Location
- Europawijk, 100 Mol, 2400 Belgium
- Coordinates: 51°12′05″N 5°02′42″E﻿ / ﻿51.201304°N 5.044956°E

Information
- Type: European School
- Established: 1960
- Operated by: The European Schools
- Director: María José Pérez Blanco
- Gender: Mixed
- Age range: 4-18
- Enrolment: 735 (2023-24)
- Student Union/Association: The Pupils' Committee
- Sister Schools: 12 European Schools
- Diploma: European Baccalaureate
- Website: www.esmol.net//

= European School, Mol =

The European School, Mol was the third of the thirteen European Schools to be established, and is one of five such schools in Belgium. Founded in 1960, it is located in Mol, in the province of Antwerp.

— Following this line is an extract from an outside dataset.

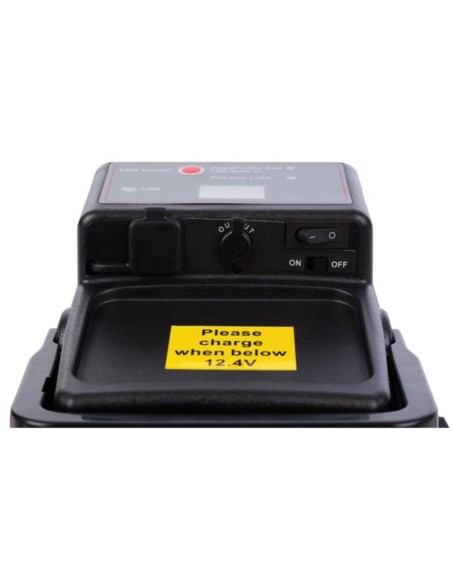 STARTHILFE 12 VDC / 14 A - 1200 A/GERÄT - AQ-TRON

The school was primarily established to provide an education to the children of staff posted to nearby domestic, and European atomic research projects and facilities; the Belgian governments' nuclear research centre, the Organisation for Economic Co-operation and Development's Eurochemic nuclear fuel reprocessing plant (now defunct), and the European Atomic Energy Community's Central Bureau for Nuclear Measurements (now under the auspices of the European Commission as the Institute for Reference Materials and Measurements).

However, the school has also welcomed children from other European or overseas families who live and work in the area. Buses bring pupils from as far as Antwerp and Eindhoven, with nearby facilities to accommodate boarders during the school week.

There are 2 divisions in the European schools campus, 1 is the primary where primary 1 - 5
(grades 1 - 5) and secondary, where secondary 1 - 7
( grades 6th - 12th ).

The primary has a Daycare, where students can stay in after the school end at 4:15pm.